History of Cardiac Surgery Increases Mortality Risk in Patients with ATAAD

Patients with acute type A aortic dissection (ATAAD) who have had prior cardiac surgery and are undergoing a “redo” have a greater risk of adverse events (AEs) compared with patients undergoing cardiac surgery for the first time, according to a recent study. Elizabeth Krebs, MD, of the University of Virginia in Charlottesville, presented the findings of the study at the Southern Thoracic Surgical Association 65th Annual Meeting & Exhibition.

Researchers analyzed on all patients undergoing operation for ATAAD in a Society of Thoracic Surgeons database between 2002 and 2017. Patients were classified by primary and redo sternotomy status. Researchers compared demographics, operative characteristics, outcomes, and cost data using univariate analysis, and they used multivariable regression models to evaluate risk-adjusted impact of redo status on outcomes. Researchers hypothesized that patients undergoing cardiac surgery again would have increased AEs compared with those undergoing first surgery. Primary outcomes were mortality, major morbidity, length of stay, and total cost.
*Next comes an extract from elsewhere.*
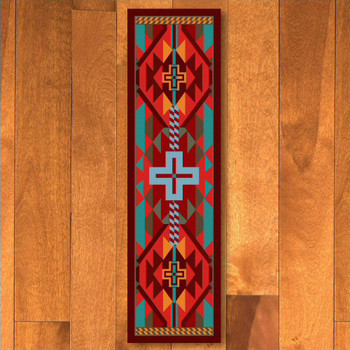 2' x 8' Rustic Cross Sunset Southwest Rectangle Runner Rug
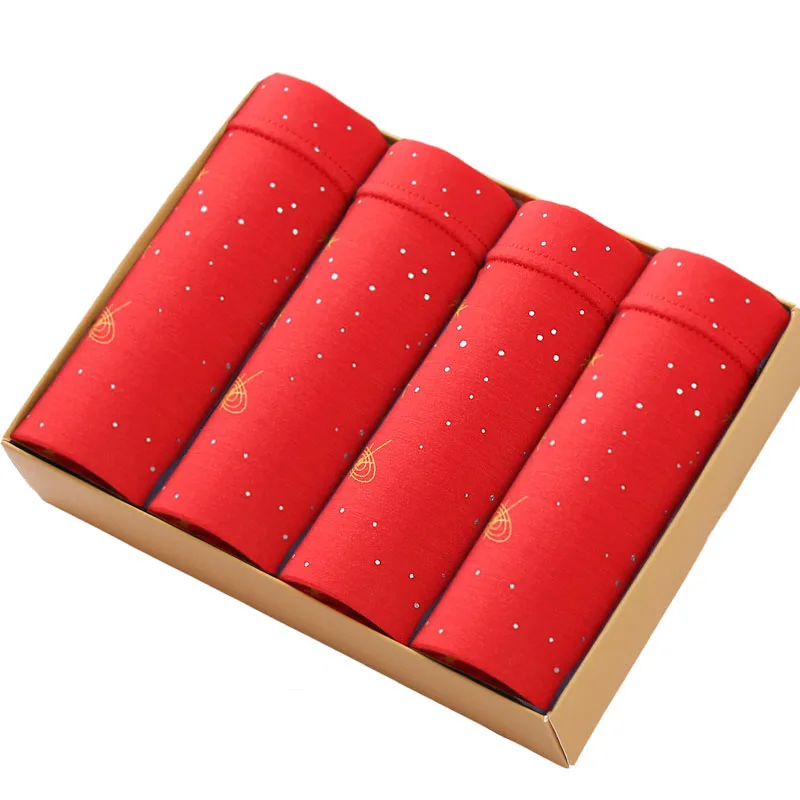 4 шт. китайское красное нижнее белье мужские трусы-боксеры мягкие дышащие трусы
Of 1,332 patients with ATAAD, 121 (9.1%) were undergoing reoperations. Redo patients tended to be older (63 vs 58 years; P<0.01) and had more comorbidities, including heart failure (16.5% vs 8.1%; P<0.01) and peripheral arterial disease (34.7% vs 15.7%; P<0.01). Intraoperative aortic valve replacement rates did not differ between the redo and first-time patients (26.5% vs 25.3%; P=0.78). The redo and primary groups also had similar rates of aortic arch procedures (25.6% vs 30.6%; P=0.25) and aortic root procedures (29.8% vs 36.9%; P=0.12). Those who had previously undergone cardiac surgery had higher rates of operative mortality (26.5% vs 15.7%; P<0.01), major morbidity (62.8% vs 55.8%; P=0.14), and need for reoperation (12.4% vs 9.0%; P=0.22). They also received more intraoperative red blood cell units (4 vs 1 g/dL; P<0.01), had longer lengths of stay (13 vs 10 days; P<0.01), and had more expensive total hospital costs ($73,430 vs $61,050; P=0.17). Strokes rates were slightly lower in the redo group (7.5% vs 9.4%; P=0.50).
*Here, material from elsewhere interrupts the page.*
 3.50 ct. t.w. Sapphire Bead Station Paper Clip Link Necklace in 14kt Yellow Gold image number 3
“In looking at risk-adjusted association, for operative mortality, reoperative status was associated with an odds ratio of 2.14, or almost double the mortality ratio,” Krebs said.

“In looking at centralization across the regional network, we noticed a high degree of centralization, with 75% of cases performed at the six centers with the highest volume,” she said. “We also noted a high proportion of transfers in both groups, [at] around 60% in each group.”

The retrospective nature of the study is a limitation. Additionally, researchers only evaluated operative patients. “We do not have data on patients who were either managed medically or [died] prior to [reaching] the operating room,” Kreb said. The evaluated data were also limited to those included in the database.

The researchers concluded that redo status increases the risk for mortality and major morbidity. “These data should be considered when counseling patients and families prior to acute surgical intervention,” the study authors wrote.

The results are consistent with those of previous studies, Kreb said, but one major difference in is that researchers controlled for preoperative morbidities, “which had previously been implicated in this increase in mortality.”